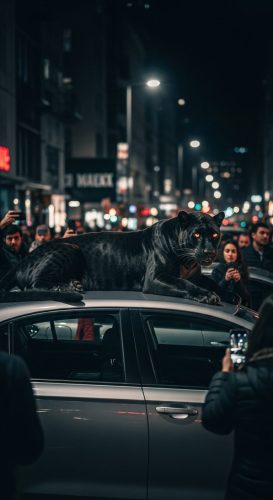 Black panther on a car.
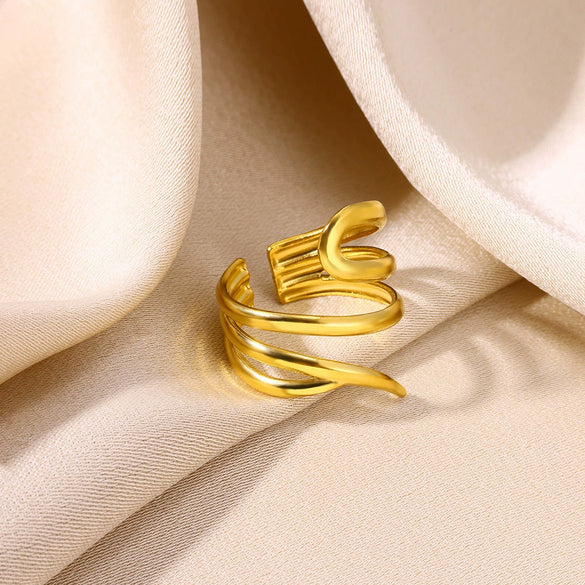 Wholesale Stainless Steel Goldplated Geometric Multilayer Hollow Carved Women's Finger Ring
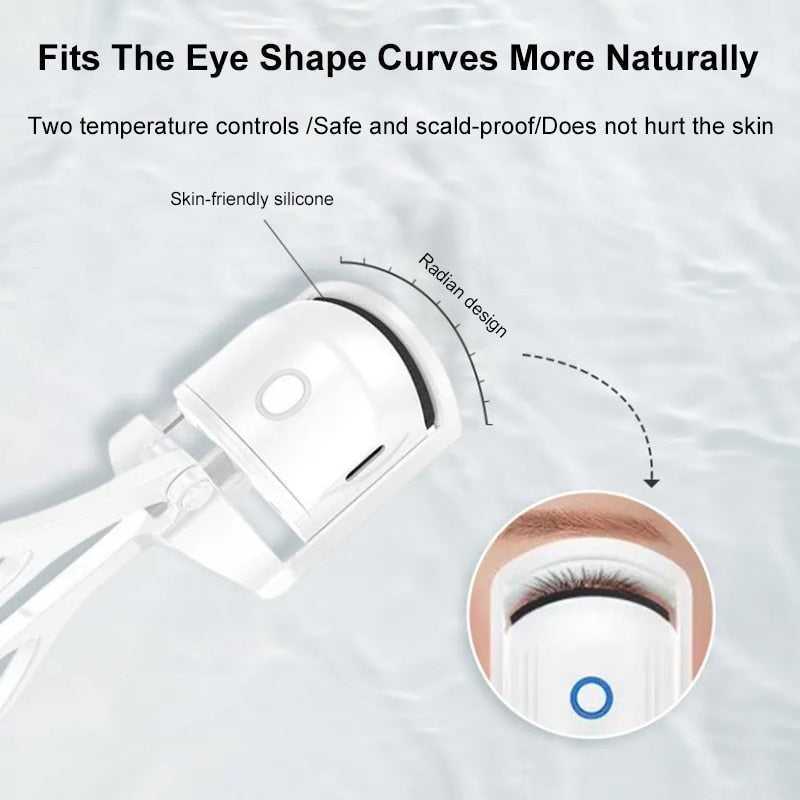 Eyelash Curler Cordless USB Rechargeable Adjustable Heat Shield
== == ==
▶ _DIRECTIONS_: Your copy of the data should match it exactly, apart from the images, which are omitted.

▶ _THE COMPLETED TASK_:
 Black panther on a car.
 Wholesale Stainless Steel Goldplated Geometric Multilayer Hollow Carved Women's Finger Ring
 Eyelash Curler Cordless USB Rechargeable Adjustable Heat Shield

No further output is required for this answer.